ASSI Chairman Risdianto Yuli Hermansyah said that Starlink's LEO satellites have grown rapidly in a short time due to meeting market expectations. LEO satellites can provide satellite-based internet services starting at around Rp700,000 per month, significantly cheaper than GEO satellites.
"In terms of capacity, the ratio between GEO and LEO satellites (Starlink) is around 60:40. If possible, the market share could be around 55:45," Risdianto said in Jakarta on Tuesday, May 5.
Customers Prefer Fast and Portable Internet Services
Risdianto said that people currently expect satellite internet services that are fast, lightweight, portable, and simple to install. Starlink can fulfill these expectations. Meanwhile, GEO service installation is more time-consuming and requires technical support. However, Risdianto said that the market share for GEO satellites remains strong, especially for broadcasting in remote areas.
"GEO satellites are still dominant for broadcasting and backhaul," Risdianto said.
Risdianto denied that GEO satellites are experiencing a decline in market demand. The GEO satellite business remains stable. Indonesian satellite players currently have the potential to generate revenue from new businesses outside of connectivity, such as satellite ecosystems and IoT.
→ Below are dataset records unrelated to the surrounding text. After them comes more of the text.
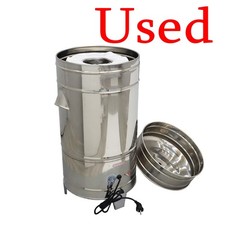 Used-220V 750W Stainless Steel Vegetable Fruit Salad Dryer Water Removal Device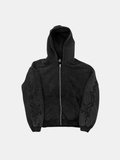 TRIBAL EMBROIDERED ZIP HOODIE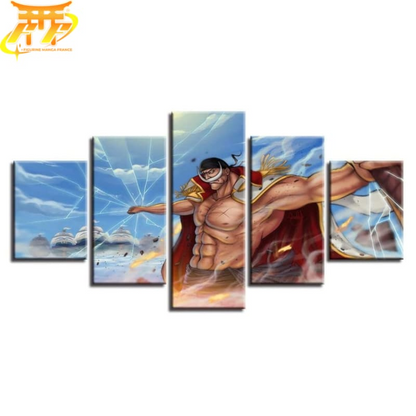 Whitebeard Ingelijste Print - One Piece™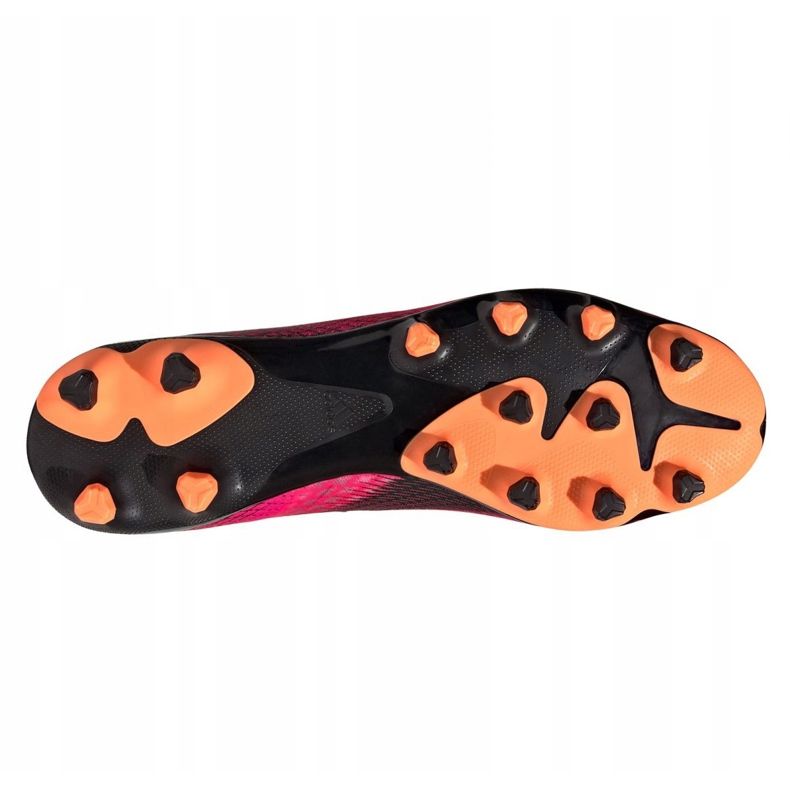 Adidas X Ghosted.3 Mg M FW6973 fotbollsskor grafit, rosa rosa 2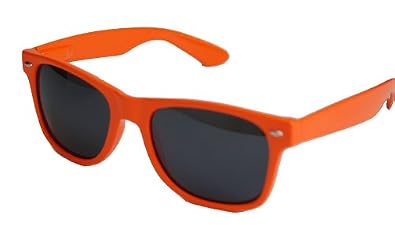 Click here to buy Classic Orange Wayfarer Blues Brothers Sunglasses by Gravity Shades.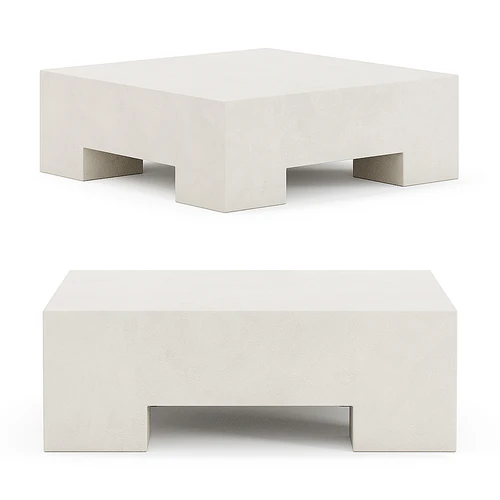 West Elm 侘寂风茶几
He stated that growth in the satellite connectivity-based IoT ecosystem is currently booming. "When it comes to satellites, it's still about connectivity, but growth in areas like IoT and earth intelligence is also increasing," Risdianto said.
Hit by the Rupiah Exchange Rate
In addition to facing challenges from global satellites like Starlink, Risdianto said, the satellite industry is also currently under pressure from the weakening rupiah exchange rate, which has reached Rp17,400. This is because operational costs and capital expenditures for satellite construction are currently still denominated in dollars.
"Fluctuations are impacted, profitability is affected, and expansion is delayed," said Risdianto.
To address global pressures and the rupiah exchange rate, Risdianto said, the satellite industry paradigm must shift from conventional GEO-based services focused on connectivity to integrated satellite-based solutions across various sectors.
Conclusion
The Indonesian Satellite Association reports that Starlink's LEO satellite service has captured approximately 45% of the satellite market share in Indonesia since its launch in 2024. Its advantages of low latency, high speed, and lower service prices enable Starlink to disrupt a market previously dominated by GEO satellites. The national satellite industry is also facing pressure from the weakening rupiah, as satellite operational and development costs remain dependent on the US dollar.